ガンマン無頼のクシーくんのネタバレレビュー・内容・結末

ガンマン無頼(1966年製作の映画)
3.4

このレビューはネタバレを含みます

「続・荒野の用心棒」こと「ジャンゴ」で有名なフランコ・ネロ主演作。

故郷テキサスを離れメキシコで父の仇であるシスコを探すバート(フランコ・ネロ)&ジムのサリバン兄弟による復讐物語。

フランコ・ネロ演じるバートは他のマカロニウエスタン主人公の御多分に漏れずポーカーフェイスでクールなガンマン。

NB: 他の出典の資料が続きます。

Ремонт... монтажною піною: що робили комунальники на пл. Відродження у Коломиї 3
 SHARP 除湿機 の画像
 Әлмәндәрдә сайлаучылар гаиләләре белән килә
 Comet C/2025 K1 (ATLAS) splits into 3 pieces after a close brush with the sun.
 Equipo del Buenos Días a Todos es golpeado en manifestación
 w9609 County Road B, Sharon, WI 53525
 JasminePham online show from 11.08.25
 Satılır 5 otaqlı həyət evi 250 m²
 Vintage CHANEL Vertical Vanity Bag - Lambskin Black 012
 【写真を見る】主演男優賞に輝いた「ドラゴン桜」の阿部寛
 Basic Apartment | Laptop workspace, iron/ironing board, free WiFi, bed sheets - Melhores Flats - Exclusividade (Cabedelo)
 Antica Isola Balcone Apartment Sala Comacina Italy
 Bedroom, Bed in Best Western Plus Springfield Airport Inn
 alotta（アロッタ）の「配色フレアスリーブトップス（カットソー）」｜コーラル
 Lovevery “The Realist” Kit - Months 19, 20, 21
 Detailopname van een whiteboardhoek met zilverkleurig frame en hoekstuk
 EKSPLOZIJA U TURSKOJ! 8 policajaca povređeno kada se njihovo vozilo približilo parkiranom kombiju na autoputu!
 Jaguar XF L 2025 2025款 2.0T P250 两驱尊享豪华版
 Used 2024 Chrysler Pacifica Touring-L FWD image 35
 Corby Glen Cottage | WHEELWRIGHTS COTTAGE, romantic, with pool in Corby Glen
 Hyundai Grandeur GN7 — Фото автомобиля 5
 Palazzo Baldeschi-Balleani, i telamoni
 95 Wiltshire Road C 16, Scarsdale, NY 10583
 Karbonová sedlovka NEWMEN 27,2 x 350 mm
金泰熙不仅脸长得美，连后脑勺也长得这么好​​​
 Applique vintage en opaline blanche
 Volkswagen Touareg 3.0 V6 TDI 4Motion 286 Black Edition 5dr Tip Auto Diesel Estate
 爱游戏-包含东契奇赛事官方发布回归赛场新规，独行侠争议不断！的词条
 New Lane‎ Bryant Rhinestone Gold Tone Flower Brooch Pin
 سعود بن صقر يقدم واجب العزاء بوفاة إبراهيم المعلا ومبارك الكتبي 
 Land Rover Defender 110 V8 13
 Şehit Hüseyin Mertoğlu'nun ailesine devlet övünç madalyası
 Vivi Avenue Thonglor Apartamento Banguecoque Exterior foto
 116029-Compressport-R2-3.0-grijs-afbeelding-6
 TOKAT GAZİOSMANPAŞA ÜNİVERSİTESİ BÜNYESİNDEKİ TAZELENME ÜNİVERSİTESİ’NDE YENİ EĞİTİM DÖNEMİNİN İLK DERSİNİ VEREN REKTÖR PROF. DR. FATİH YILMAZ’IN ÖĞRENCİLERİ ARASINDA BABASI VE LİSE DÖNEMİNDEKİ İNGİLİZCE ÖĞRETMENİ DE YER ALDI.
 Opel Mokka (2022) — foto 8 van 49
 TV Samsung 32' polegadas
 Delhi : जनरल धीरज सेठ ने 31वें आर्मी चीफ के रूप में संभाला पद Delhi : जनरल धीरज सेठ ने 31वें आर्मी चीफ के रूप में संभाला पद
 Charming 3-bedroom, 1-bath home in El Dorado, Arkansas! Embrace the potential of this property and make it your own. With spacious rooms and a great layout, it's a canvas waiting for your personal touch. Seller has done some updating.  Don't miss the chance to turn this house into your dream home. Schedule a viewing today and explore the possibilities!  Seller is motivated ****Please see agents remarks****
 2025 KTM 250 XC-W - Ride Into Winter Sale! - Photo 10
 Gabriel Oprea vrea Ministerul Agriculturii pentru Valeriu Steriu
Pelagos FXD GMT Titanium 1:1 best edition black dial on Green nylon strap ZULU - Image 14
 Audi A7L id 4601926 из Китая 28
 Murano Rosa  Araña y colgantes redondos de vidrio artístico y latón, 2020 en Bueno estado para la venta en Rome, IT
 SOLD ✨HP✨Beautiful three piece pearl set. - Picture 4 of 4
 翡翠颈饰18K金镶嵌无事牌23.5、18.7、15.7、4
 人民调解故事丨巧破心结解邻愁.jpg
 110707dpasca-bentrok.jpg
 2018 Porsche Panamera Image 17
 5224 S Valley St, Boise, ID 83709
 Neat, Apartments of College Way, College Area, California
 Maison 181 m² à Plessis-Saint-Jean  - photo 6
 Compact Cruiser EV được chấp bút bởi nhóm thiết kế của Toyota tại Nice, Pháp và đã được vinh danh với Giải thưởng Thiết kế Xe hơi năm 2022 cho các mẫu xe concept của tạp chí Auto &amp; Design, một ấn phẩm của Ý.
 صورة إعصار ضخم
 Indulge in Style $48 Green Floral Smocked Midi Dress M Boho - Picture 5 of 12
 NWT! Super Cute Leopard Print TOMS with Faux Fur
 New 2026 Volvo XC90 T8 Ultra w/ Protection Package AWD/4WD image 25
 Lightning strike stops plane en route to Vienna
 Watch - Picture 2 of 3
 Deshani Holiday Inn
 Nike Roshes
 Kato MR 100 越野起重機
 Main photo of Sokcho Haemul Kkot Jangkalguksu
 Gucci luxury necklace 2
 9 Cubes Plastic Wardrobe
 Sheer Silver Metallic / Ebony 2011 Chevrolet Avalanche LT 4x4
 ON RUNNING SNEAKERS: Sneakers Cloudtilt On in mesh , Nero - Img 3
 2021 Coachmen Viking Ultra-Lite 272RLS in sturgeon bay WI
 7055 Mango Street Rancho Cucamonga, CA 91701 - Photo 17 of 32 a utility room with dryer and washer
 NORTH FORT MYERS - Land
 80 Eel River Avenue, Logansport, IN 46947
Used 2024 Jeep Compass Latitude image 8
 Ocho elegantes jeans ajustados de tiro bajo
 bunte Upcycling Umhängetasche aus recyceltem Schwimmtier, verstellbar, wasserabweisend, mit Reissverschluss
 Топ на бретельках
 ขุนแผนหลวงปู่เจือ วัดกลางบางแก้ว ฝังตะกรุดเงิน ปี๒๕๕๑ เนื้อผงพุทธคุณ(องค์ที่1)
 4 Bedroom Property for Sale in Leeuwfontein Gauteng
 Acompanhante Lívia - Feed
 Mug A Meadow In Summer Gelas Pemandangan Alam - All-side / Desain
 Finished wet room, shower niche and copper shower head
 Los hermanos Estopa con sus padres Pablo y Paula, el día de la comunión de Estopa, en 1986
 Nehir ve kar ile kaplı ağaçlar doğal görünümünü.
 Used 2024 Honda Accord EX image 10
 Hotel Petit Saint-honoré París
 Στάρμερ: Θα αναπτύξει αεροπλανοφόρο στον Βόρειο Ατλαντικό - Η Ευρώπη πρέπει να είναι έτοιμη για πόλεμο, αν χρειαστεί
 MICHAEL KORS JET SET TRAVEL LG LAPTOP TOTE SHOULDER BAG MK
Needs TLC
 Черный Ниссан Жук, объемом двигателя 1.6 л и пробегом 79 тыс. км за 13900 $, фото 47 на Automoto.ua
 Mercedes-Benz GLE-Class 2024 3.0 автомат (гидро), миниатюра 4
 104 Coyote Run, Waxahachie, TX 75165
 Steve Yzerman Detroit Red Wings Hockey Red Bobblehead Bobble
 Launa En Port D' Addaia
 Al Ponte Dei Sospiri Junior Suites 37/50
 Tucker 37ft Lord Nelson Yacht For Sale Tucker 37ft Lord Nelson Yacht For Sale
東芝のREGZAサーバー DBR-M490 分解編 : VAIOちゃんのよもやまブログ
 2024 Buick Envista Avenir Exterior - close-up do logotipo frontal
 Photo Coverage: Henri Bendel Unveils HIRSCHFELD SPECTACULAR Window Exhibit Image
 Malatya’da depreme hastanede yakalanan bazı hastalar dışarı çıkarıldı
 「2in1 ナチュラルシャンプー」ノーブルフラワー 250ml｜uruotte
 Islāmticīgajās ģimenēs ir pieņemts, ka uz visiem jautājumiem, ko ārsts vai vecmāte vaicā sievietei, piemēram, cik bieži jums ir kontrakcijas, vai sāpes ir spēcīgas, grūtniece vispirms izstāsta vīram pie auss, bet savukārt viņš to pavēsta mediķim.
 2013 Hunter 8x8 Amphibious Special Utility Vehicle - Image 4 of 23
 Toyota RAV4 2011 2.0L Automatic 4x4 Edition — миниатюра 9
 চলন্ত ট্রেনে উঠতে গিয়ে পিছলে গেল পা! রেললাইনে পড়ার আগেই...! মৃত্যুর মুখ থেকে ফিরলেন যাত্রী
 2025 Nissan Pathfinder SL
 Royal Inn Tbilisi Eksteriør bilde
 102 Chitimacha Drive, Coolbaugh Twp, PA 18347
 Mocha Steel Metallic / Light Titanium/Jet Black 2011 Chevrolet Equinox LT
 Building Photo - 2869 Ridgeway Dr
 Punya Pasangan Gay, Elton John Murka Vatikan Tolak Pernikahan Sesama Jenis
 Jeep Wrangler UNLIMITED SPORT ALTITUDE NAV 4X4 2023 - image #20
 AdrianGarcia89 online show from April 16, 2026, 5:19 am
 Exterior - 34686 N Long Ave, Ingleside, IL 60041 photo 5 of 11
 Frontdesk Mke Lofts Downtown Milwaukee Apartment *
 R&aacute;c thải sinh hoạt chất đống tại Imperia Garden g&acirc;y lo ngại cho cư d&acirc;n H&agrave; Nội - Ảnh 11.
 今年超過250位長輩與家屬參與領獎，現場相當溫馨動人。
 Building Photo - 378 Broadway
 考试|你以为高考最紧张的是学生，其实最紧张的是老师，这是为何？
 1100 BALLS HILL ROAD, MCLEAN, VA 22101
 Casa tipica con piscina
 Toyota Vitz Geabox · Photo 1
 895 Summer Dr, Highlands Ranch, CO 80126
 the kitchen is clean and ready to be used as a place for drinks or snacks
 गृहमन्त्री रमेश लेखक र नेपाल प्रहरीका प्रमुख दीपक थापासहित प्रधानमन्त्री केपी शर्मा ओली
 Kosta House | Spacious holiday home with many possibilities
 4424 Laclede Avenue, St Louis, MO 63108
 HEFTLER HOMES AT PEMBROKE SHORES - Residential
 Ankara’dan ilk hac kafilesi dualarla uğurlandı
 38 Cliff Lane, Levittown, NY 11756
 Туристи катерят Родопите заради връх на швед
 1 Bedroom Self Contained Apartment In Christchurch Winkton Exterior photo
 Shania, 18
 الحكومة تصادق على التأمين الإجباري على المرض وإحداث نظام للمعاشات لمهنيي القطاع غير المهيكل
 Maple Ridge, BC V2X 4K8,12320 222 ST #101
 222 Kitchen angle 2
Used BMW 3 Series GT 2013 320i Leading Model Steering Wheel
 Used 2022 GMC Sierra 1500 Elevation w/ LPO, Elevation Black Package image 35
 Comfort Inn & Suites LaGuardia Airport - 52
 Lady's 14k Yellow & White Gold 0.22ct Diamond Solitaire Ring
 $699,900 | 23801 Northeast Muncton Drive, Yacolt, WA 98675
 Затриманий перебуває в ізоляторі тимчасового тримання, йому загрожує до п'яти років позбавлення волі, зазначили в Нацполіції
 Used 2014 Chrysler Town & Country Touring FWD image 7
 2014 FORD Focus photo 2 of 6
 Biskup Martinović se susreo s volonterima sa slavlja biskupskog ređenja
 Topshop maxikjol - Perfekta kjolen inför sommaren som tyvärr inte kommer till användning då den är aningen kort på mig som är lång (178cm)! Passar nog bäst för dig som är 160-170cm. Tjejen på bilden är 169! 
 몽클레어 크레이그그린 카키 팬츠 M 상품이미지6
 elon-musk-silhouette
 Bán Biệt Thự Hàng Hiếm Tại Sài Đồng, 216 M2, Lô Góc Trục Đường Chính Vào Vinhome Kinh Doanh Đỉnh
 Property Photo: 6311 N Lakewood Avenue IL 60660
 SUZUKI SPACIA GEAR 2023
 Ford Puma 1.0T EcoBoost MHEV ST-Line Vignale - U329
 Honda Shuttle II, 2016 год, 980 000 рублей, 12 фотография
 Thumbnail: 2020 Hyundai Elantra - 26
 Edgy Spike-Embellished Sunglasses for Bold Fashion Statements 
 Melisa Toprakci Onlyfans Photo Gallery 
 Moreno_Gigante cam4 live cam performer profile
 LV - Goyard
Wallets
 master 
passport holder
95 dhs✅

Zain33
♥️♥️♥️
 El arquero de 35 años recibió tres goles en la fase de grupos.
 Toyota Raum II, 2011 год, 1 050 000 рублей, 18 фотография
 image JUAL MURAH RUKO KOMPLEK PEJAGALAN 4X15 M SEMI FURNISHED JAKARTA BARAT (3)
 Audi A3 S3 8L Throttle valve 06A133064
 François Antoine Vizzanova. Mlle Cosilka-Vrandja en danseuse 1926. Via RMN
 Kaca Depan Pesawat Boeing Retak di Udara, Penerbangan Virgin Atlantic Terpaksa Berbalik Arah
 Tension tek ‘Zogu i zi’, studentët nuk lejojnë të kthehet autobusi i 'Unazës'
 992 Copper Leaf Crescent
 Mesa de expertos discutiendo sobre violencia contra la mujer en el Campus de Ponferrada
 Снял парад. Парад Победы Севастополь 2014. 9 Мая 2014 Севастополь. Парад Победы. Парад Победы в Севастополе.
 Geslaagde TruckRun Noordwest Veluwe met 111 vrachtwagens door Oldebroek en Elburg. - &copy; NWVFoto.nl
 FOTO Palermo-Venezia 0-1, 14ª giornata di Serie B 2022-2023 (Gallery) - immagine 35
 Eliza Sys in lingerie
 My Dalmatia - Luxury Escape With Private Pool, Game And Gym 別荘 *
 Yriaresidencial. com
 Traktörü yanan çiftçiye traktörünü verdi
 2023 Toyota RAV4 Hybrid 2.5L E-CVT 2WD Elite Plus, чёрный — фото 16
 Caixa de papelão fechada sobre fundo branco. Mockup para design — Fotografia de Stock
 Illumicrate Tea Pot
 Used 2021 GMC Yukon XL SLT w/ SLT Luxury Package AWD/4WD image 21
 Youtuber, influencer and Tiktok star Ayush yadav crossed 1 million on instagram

ただアンソニー・ステファンのただボーっとしてるだけみたいな精彩の欠く無表情と比べると、殺気と色気とワイルドさが段違いに勝る。

肝心のシスコに辿り着くまでに何度も雑魚と戦っており(それも大して魅力ある戦闘ではない)その過程が実にまだるっこしい。
悪役シスコの行動は割と矛盾だらけで突っ込み始めたらキリがないのだが、どれだけ息子を愛そうが結局根がクソ野郎なので結末が予定調和なのが少し苦しい。実は父親で…という設定は意外性を狙ったものかもしれないが、悪人過ぎて最期が「惨めに殺される」以外の選択の余地が残されていないのだ。どうでもいいけど「私がお前の父親だ!」って告白した後の「嘘だー!!」って流れはどう見てもベイダー卿のそれ。まさかルーカスがこの映画から直接影響された訳でもないだろうが。

女子供を容赦なく殺すのはマカロニならではだが、今回の卑劣役であるリヴィオ・ロレンツォン演じるミゲル市長の下品な笑い方がめっちゃ特徴的。こんな不快な笑い方出来るんだなと演技に感心してしまった。酒をかっ食らいながら暴虐の限りを尽くし、終盤に悲惨な死に方を遂げるフラグ立てまくりのミゲル市長だが最終的には罰を受けずに「市長にも実は悲しい過去が…」みたいな、なあなあな雰囲気で許されてしまった。良いのかそれで。

ラストのガンプレイは手を替え品を替えた演出でなかなか楽しい。ただし決着の着け方は割とあっさりめ。結末は地獄のミサワの「復讐はめちゃくちゃスッキリするが、憎しみしか産まないんだ!」という名文句が頭に浮かんだ。